## Provided material
+++
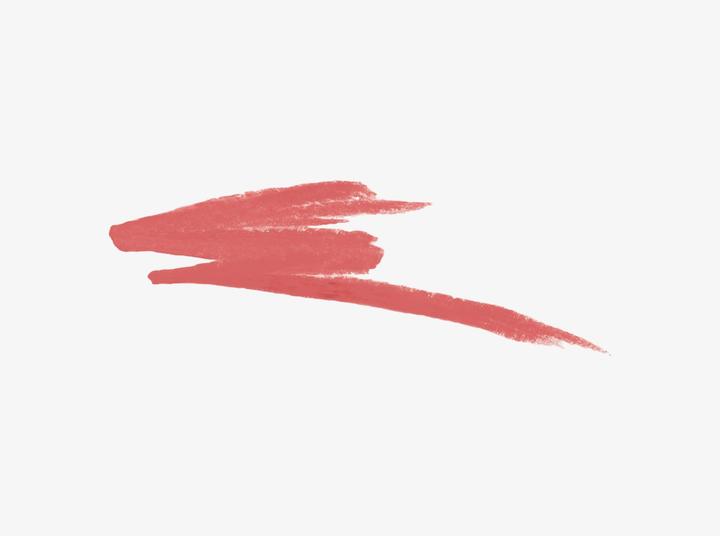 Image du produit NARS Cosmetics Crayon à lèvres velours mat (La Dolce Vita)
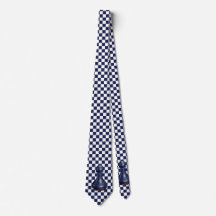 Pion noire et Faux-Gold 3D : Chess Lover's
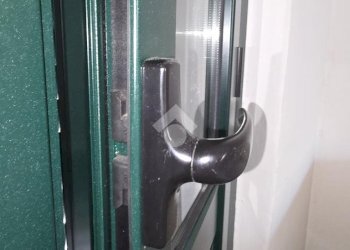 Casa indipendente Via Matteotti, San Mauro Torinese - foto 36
+++
## What is expected
Without changing a word, transcribe all of the data and omit its images.

## Answer section
 Image du produit NARS Cosmetics Crayon à lèvres velours mat (La Dolce Vita)
 Pion noire et Faux-Gold 3D : Chess Lover's
 Casa indipendente Via Matteotti, San Mauro Torinese - foto 36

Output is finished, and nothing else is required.